Tire safety: Where the rubber meets the road

Linda Melone

Checking your tires before a long road trip may mean the difference between reaching your destination on time and spending hours stuck on the side of the road. AAA has estimated that in 2011, it will have rescued 1.2 million American motorists from Memorial Day through Labor Day who've been stranded by tire problems.

One of those problems is underinflated tires. A survey by the Rubber Manufacturers Association and the National Highway Traffic Safety Administration showed 85 percent of drivers don't know how to properly inflate their tires, and about 55 percent of cars have at least one underinflated tire.

Underinflated tires tend to overheat, making them more likely to blow out. A blown-out tire makes it difficult to handle your car, possibly resulting in you losing control and crashing.

Fifty-five percent of cars have at least one underinflated tire, which may force a driver to put on the spare.

In addition to the risk of serious injury to you and your passengers, a single crash can raise your car insurance premiums by 20 percent to 40 percent (depending on your insurance carrier), says Dawnyel Smink, owner of Canyon Lands Insurance in Phoenix.

From 2005 through 2009, nearly 3,400 people died and an estimated 116,000 people were injured in tire-related crashes, according to the National Highway Traffic Safety Administration.

At least for members of AAA of Southern California, high temperatures, intense sunlight and dry air make August the worst month for underinflated tires and other tire mishaps, spokeswoman Elaine Beno says. "We change more tires for our members in August than any other month," she says.

To teach consumers about tire safety, the Rubber Manufacturers Association established a program called Be Tire Smart – Play Your PART. PART stands for pressure, alignment, rotation and tread, the four key elements of tire care.

1. Pressure.

Check tire pressure once a month and before long trips. The key: Check tires when cold, (before you drive) for an accurate reading. As the air in the tire warms, it increases tire pressure and may give you a false reading that's high.

A common mistake is using the tire pressure listed on the tire sidewall. This number indicates maximum pressure, not the recommended pressure. "The same tire may be found on several different models, so psi (pounds per square inch) may vary according to the vehicle's weight," says Christie Hyde, a spokeswoman for AAA.

Instead of using the sidewall number, refer to your owner's manual or a label found on the driver's door for the number recommended by the vehicle manufacturer.

In addition, check the air in your spare, which we often don't think about until we get a flat, Hyde says.

According to the U.S. Department of Energy, properly inflated tires can save you up to 11 cents a gallon on gas.

2. Alignment.

Have your dealer check the alignment periodically as specified in your vehicle owner's manual. Hitting a curb or pothole can throw your front end out of alignment and damage your tires by creating uneven wear, which may harm your car's handling.

3. Rotation.

Each tire on your car supports a different amount of weight, says Daniel Zielinski, a spokesman for the Rubber Manufacturers Association. This unequal weight distribution causes your tires to wear out at different rates. Rotating your tires extends their life.

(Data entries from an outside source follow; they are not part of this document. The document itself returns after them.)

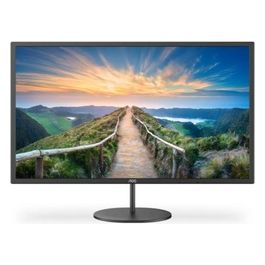 Monitor 31.5" LED IPS Q32V4 2560x1440 2K Ultra HD Tempo di Risposta 4 ms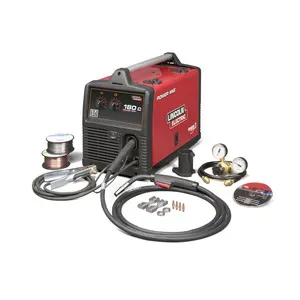 Lincoln Electric K2473-2 POWER MIG® 180C MIG Welder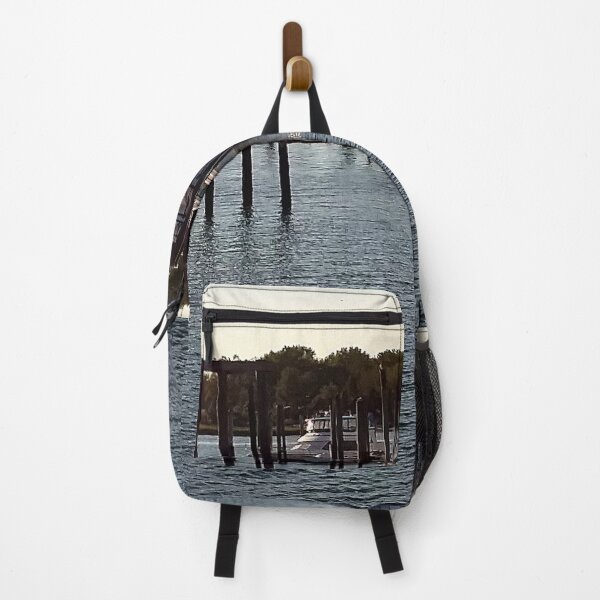 Item preview, Boats on the Dock design designed and sold by marvacousins246.
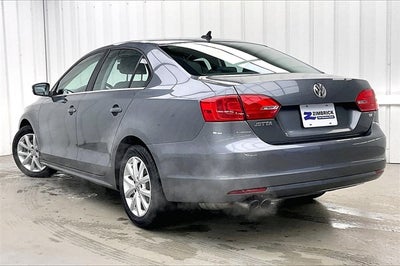 2014 Volkswagen Jetta 1.8T SE w/Connectivity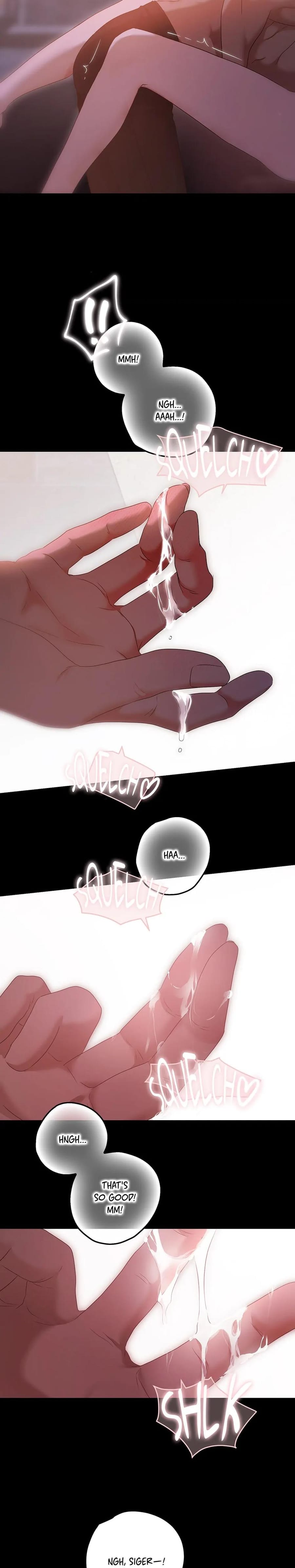 I Fell into a Reverse Harem Game! Uncensored, chapter 110, page 6 of 25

If your tires wear unevenly, ask your dealer to check for and correct any imbalance or misalignment before rotating them.

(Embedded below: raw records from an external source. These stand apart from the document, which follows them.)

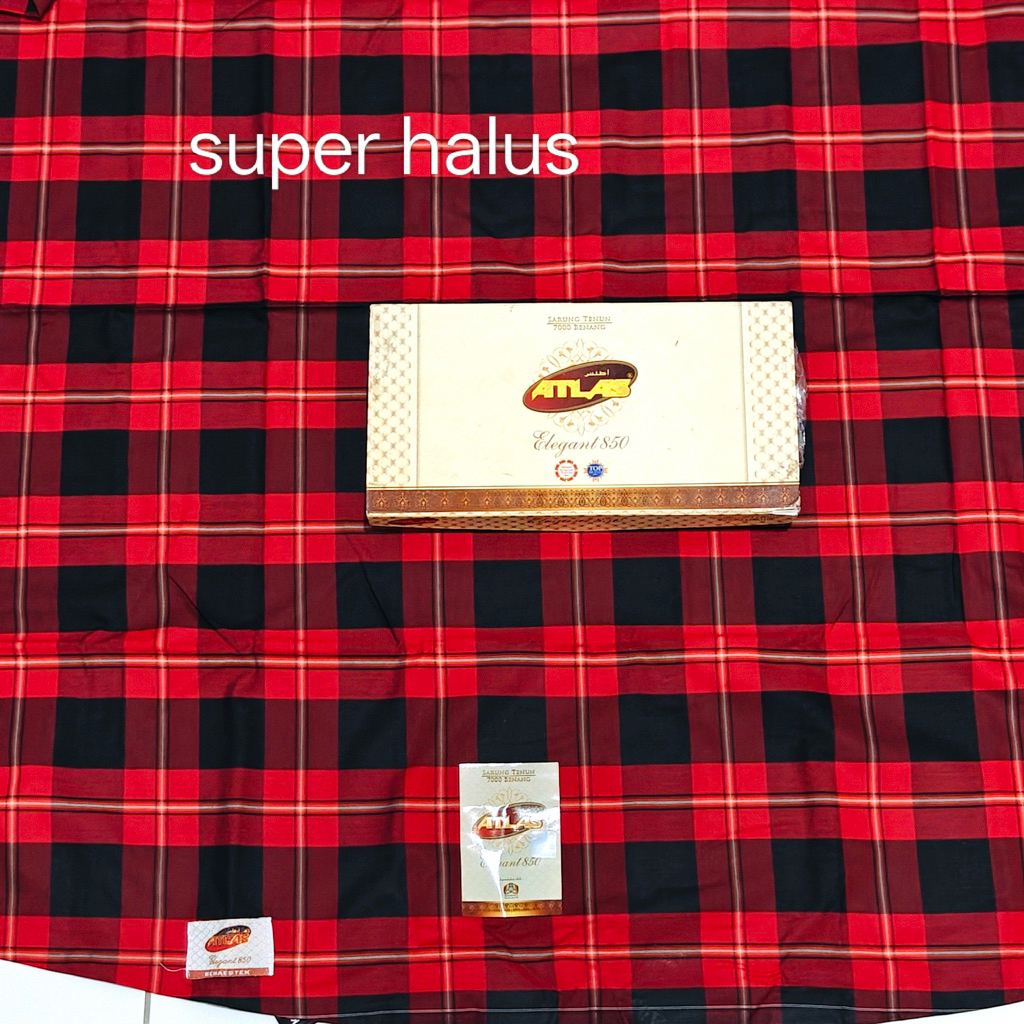sarung atlas 900 850 super jadul (bukan sarung pl preloved)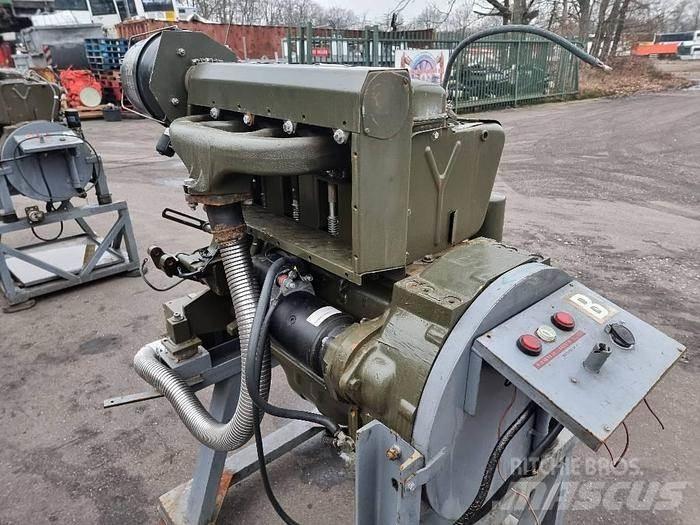  Engines F4L912 Muut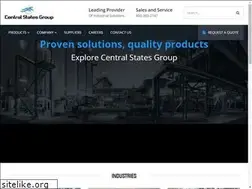 Sites similar to centralstatesgroup.com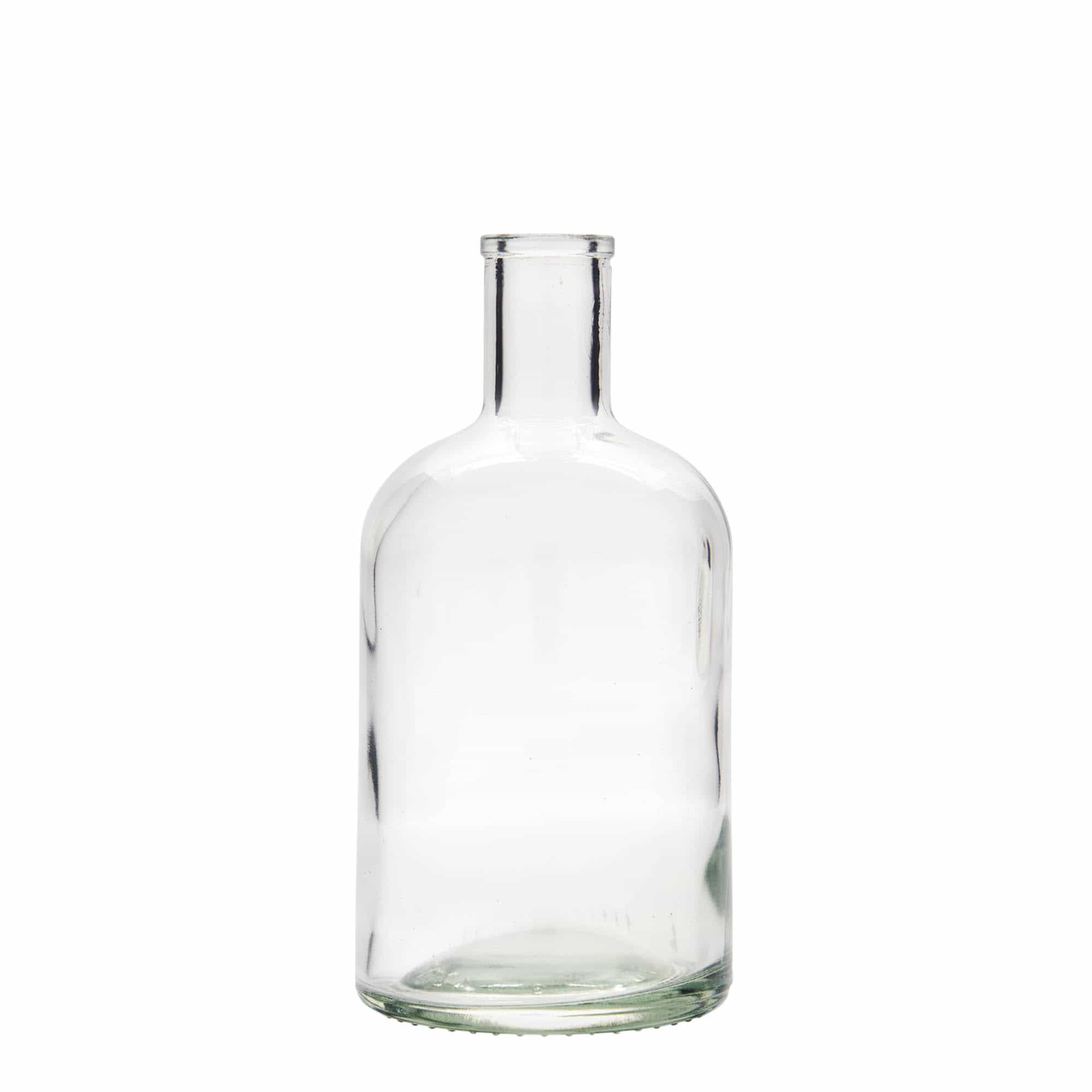 700 ml Glasflasche 'Gerardino', Mündung: Kork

Rotate tires every 5,000 miles, or according to the owner's manual for your car. If your front and rear tires require different air pressure, be sure to adjust tire inflation pressure after rotation.

4. Tread.

The tread helps your tires grip the road and prevents your car from slipping and sliding.

To check your tires for safe tread depth, first look for uneven wear, high and low areas or unusually smooth areas. Check for nails or other objects that may be embedded in a tire. Take your car to a repair shop or tire store if you spot any problems.

Another way to check for wear: Look for small, raised bars of rubber in the groove called "wear bars," which all tires have. They indicate when tires should be replaced.

Get new tires when the tread is worn down to 2/32 of an inch, the Rubber Manufacturers Association recommends.

You also can do the penny test to find out how much tread life your tires have left. Position Lincoln's head on a penny into one of the tire tread grooves. Part of his head should be covered by the thread. If you can see all of Lincoln's head, it's time to replace the tire.